**Exercise prompt**
Make an exact copy of the entries below and leave any picture out of it.

┄┄┄┄┄┄┄┄┄┄┄┄┄┄┄┄┄┄┄┄

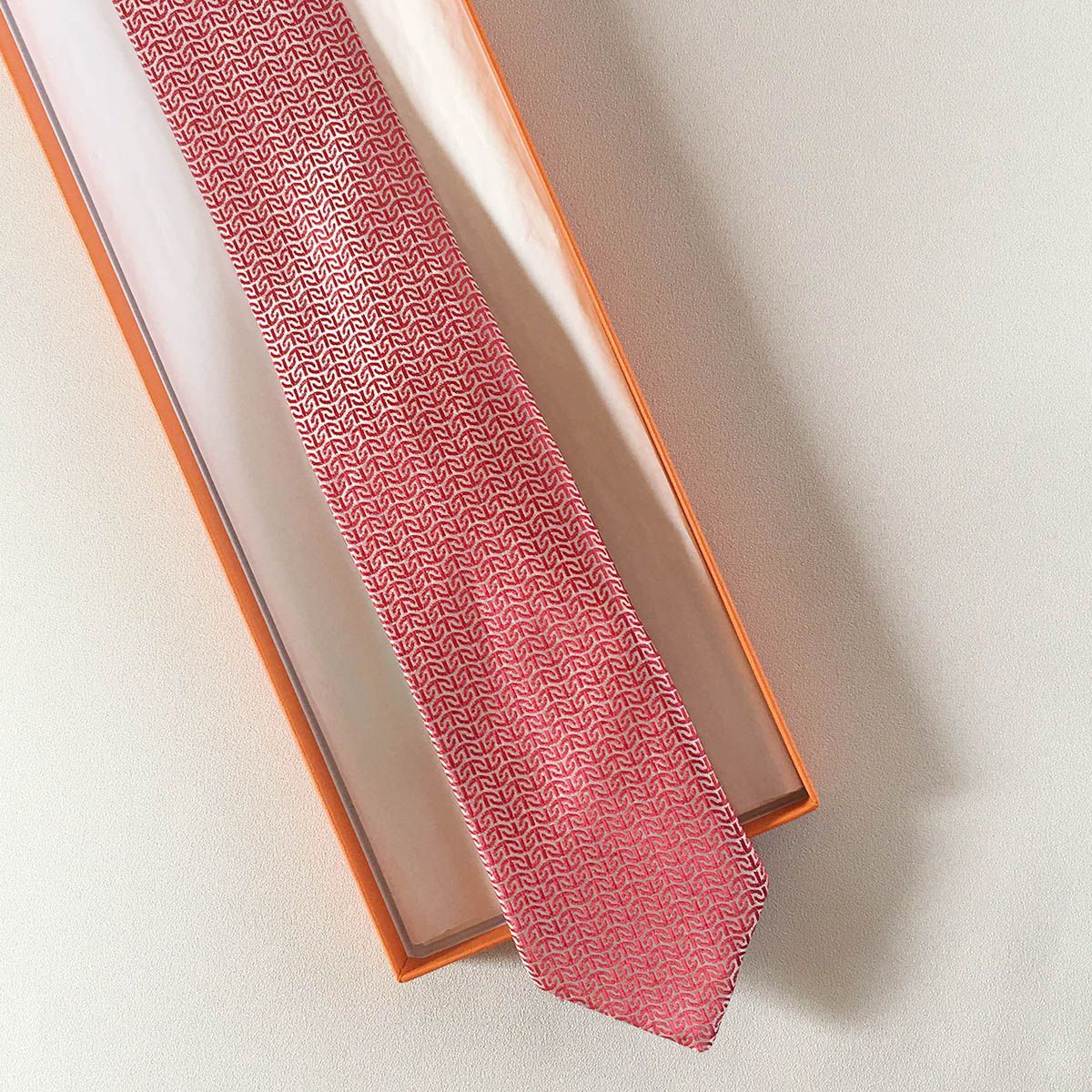 美品 エルメス HERMES ネクタイ シルク100% フランス製 レッド
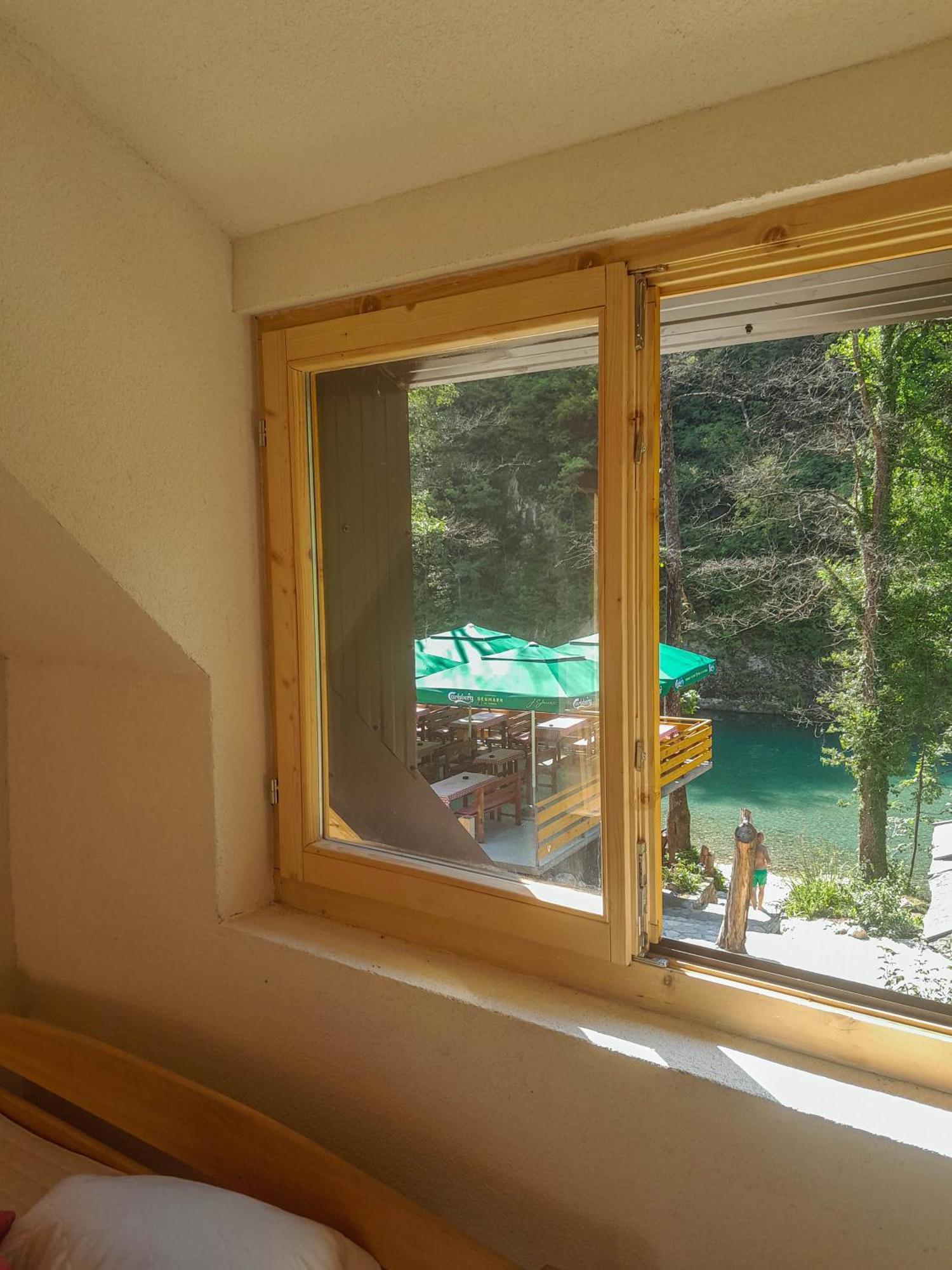 ホテル Rafting Camp Encijan フォチャ エクステリア 写真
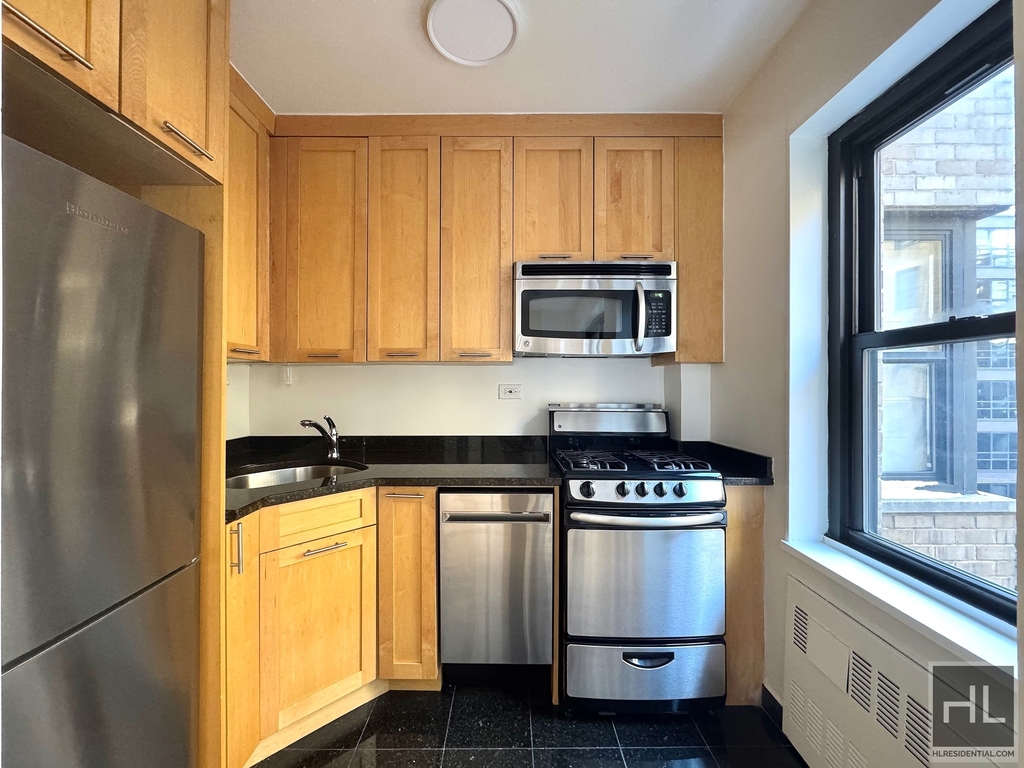 East 55 Street - Photo 2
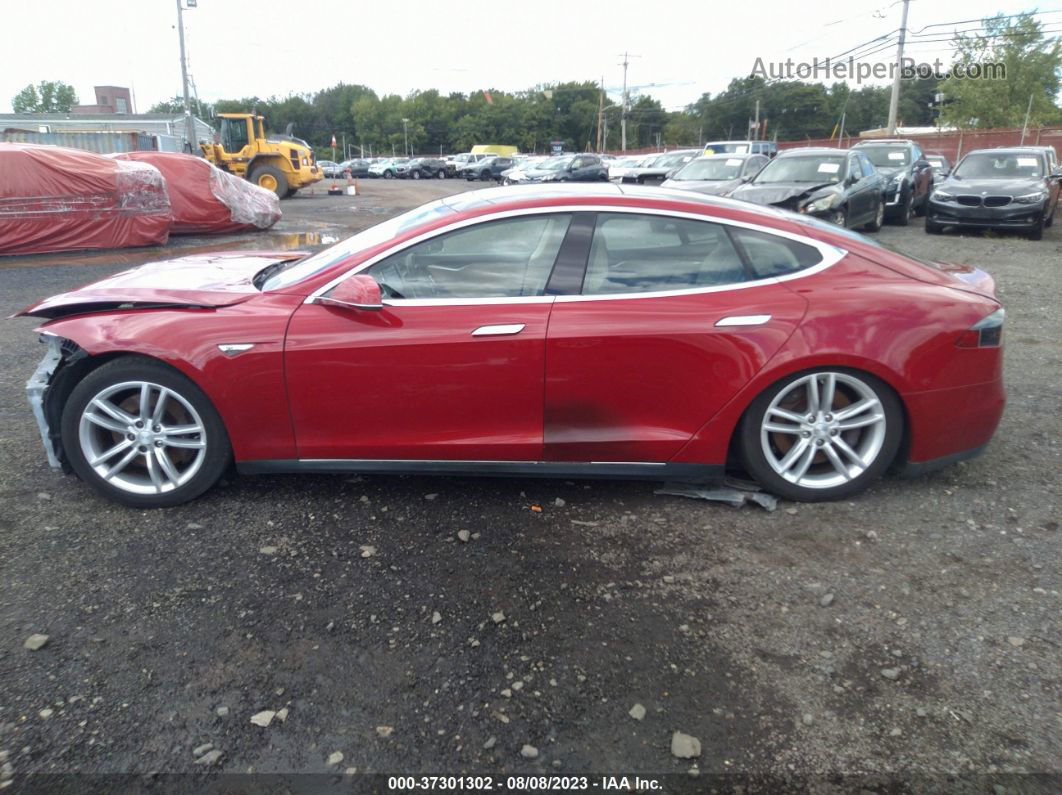 2013 Tesla Model S   Red vin: 5YJSA1DN1DFP18617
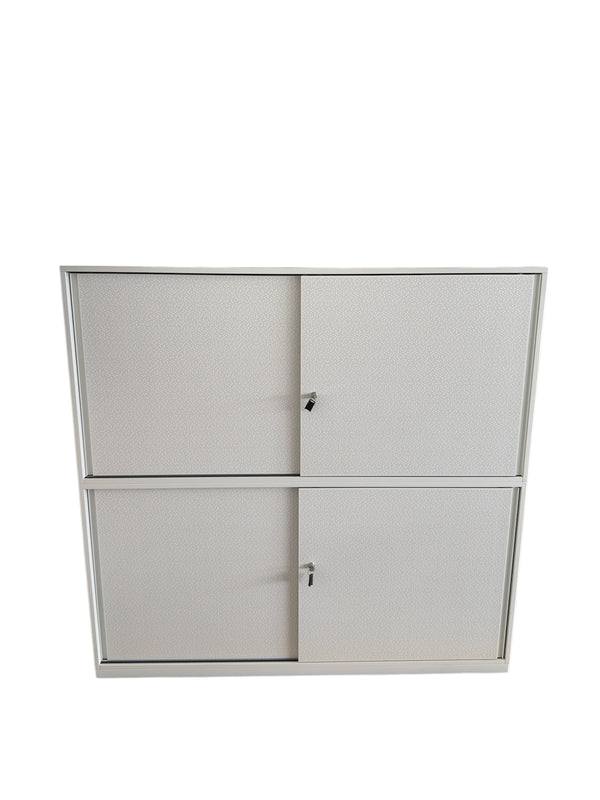 Sideboard + Akustikwand – Steelcase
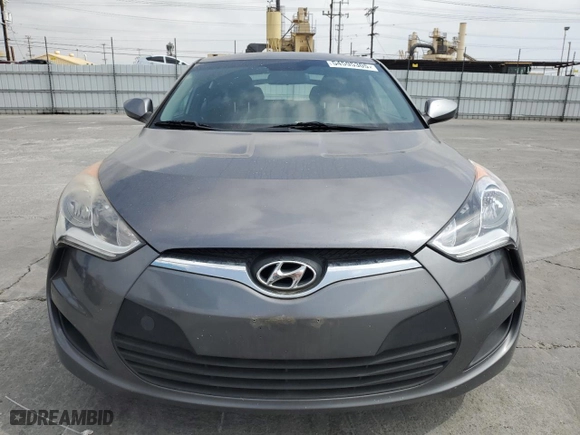 2016 Hyundai Veloster with VIN KMHTC6AD5GU285088, listed as a Copart auction lot 54595305 with 115,885 mi miles and Clean Title. Bid and sale history available at carsss.com. Image 5.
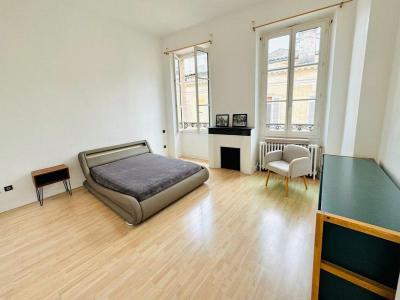 Louer Appartement 72 m2 Bordeaux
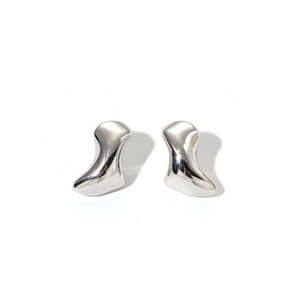 Boucles d'oreilles clous en acier inoxydable 316L plaqué or PVD, durables et résistantes, bijoux de mode - Product Image 1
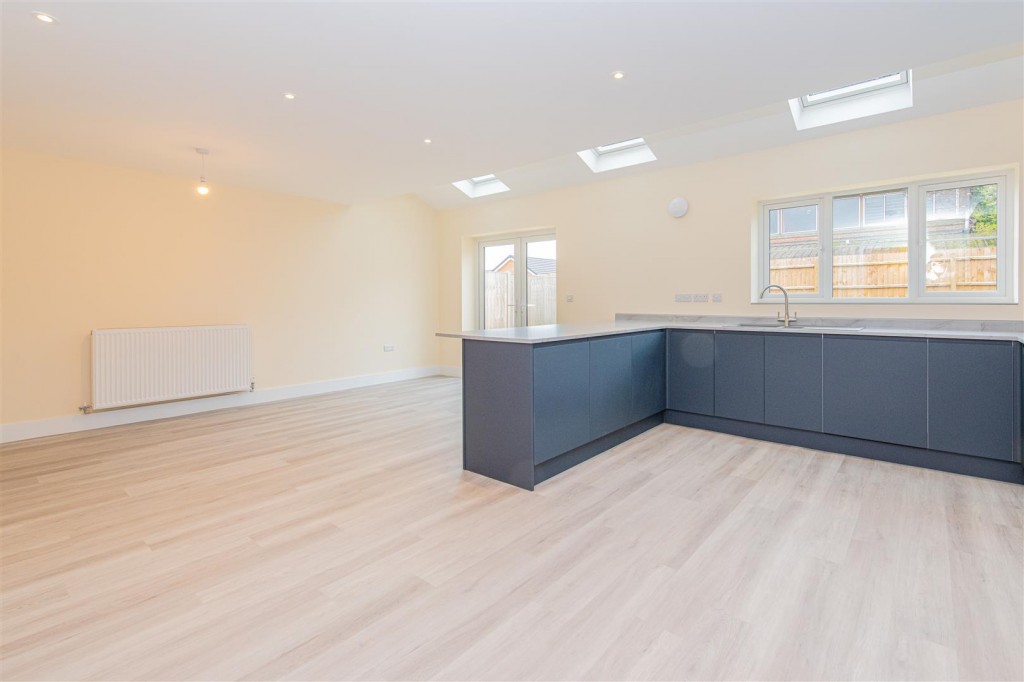 Images for Beatrice Road, Kettering EAID:oscarjamesapi BID:2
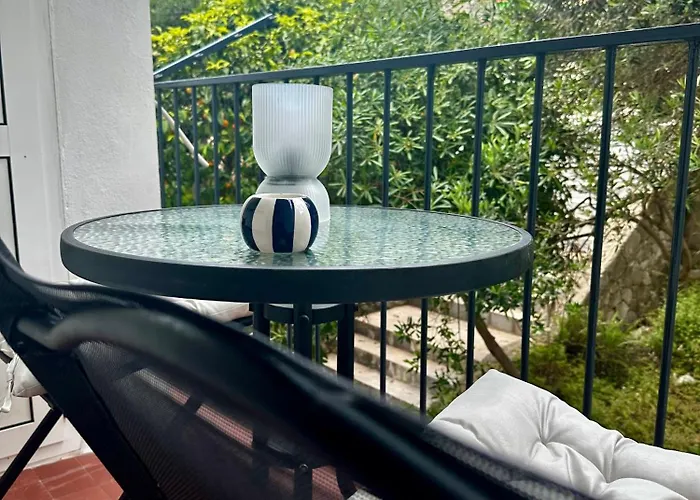 Cozy Modern Amphora-beach Near Апартаменты *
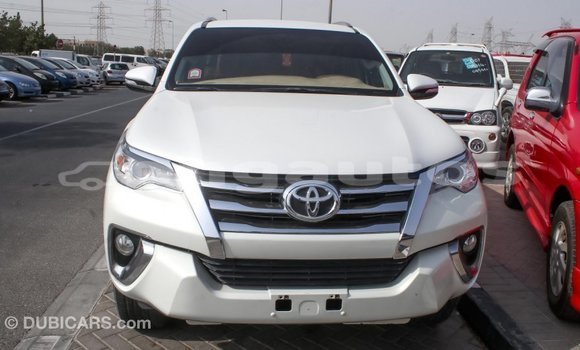 Buy Import Toyota Fortuner White Car in Import - Dubai in Enga Buy Import Toyota Fortuner White Car in Import - Dubai in Enga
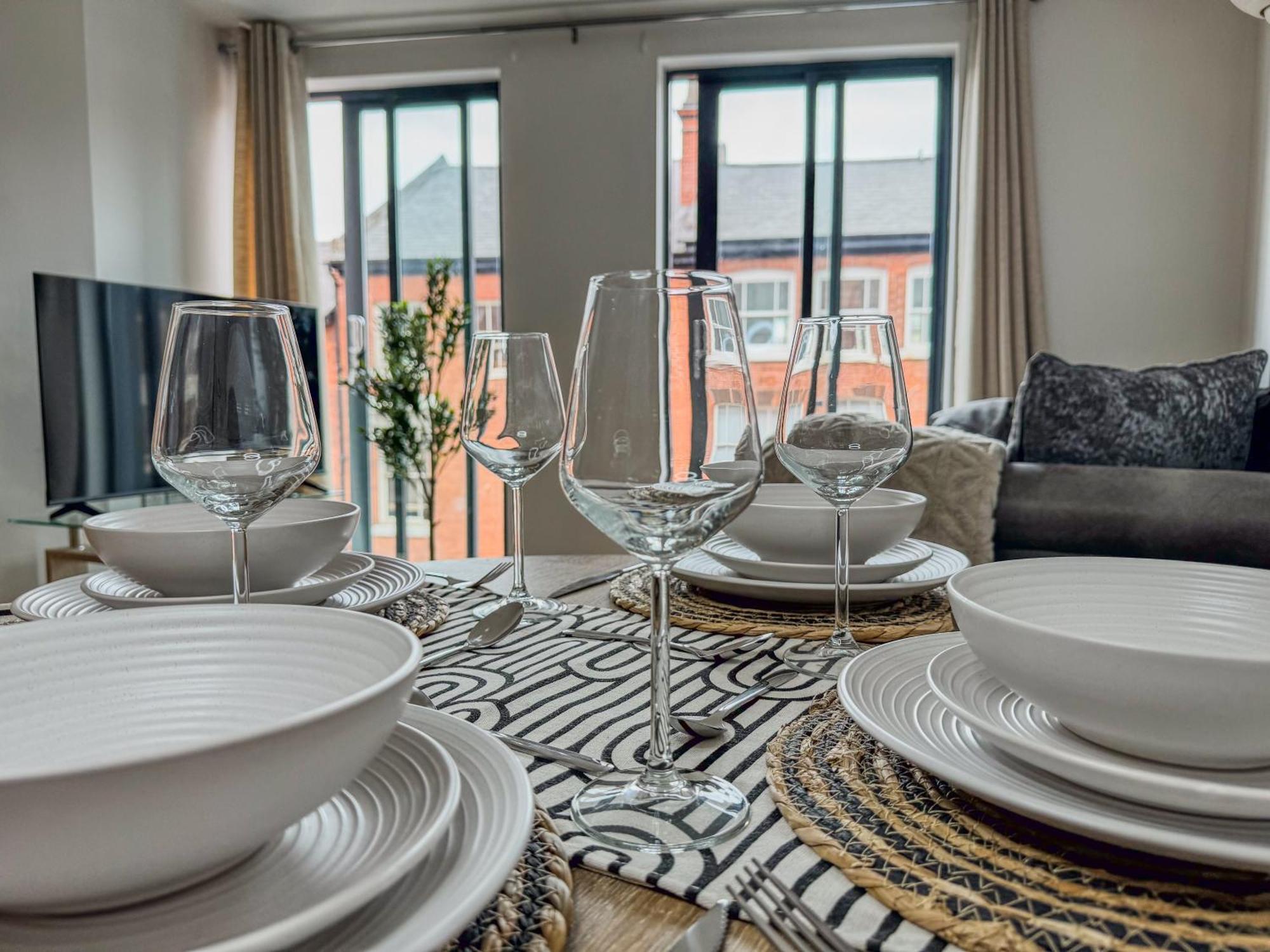 J Quarter 1br - Free Parking - One *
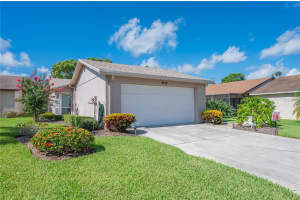 4454 GLENNS LNDG, WINTER HAVEN, FL 33884 Sold 10/14/22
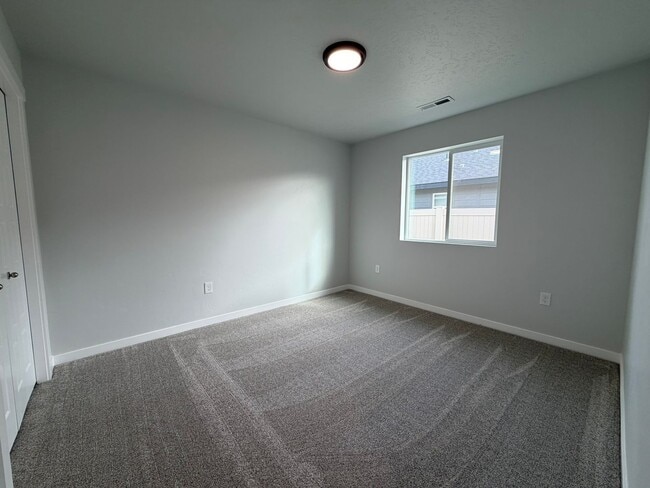 Building Photo - Move-In Special! Brand new 3 bed 2 bath ho...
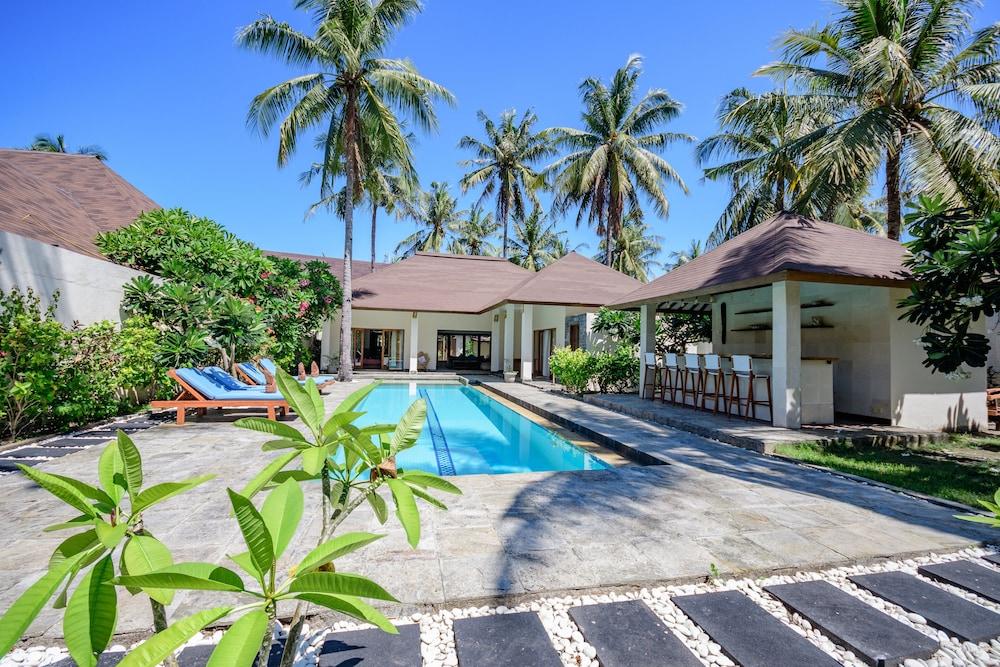 Kelapa Luxury Villas Gili Trawangan Exterior photo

┄┄┄┄┄┄┄┄┄┄┄┄┄┄┄┄┄┄┄┄

**Worked solution**
 美品 エルメス HERMES ネクタイ シルク100% フランス製 レッド
 ホテル Rafting Camp Encijan フォチャ エクステリア 写真
 East 55 Street - Photo 2
 2013 Tesla Model S   Red vin: 5YJSA1DN1DFP18617
 Sideboard + Akustikwand – Steelcase
 2016 Hyundai Veloster with VIN KMHTC6AD5GU285088, listed as a Copart auction lot 54595305 with 115,885 mi miles and Clean Title. Bid and sale history available at carsss.com. Image 5.
 Louer Appartement 72 m2 Bordeaux
 Boucles d'oreilles clous en acier inoxydable 316L plaqué or PVD, durables et résistantes, bijoux de mode - Product Image 1
 Images for Beatrice Road, Kettering EAID:oscarjamesapi BID:2
 Cozy Modern Amphora-beach Near Апартаменты *
 Buy Import Toyota Fortuner White Car in Import - Dubai in Enga Buy Import Toyota Fortuner White Car in Import - Dubai in Enga
 J Quarter 1br - Free Parking - One *
 4454 GLENNS LNDG, WINTER HAVEN, FL 33884 Sold 10/14/22
 Building Photo - Move-In Special! Brand new 3 bed 2 bath ho...
 Kelapa Luxury Villas Gili Trawangan Exterior photo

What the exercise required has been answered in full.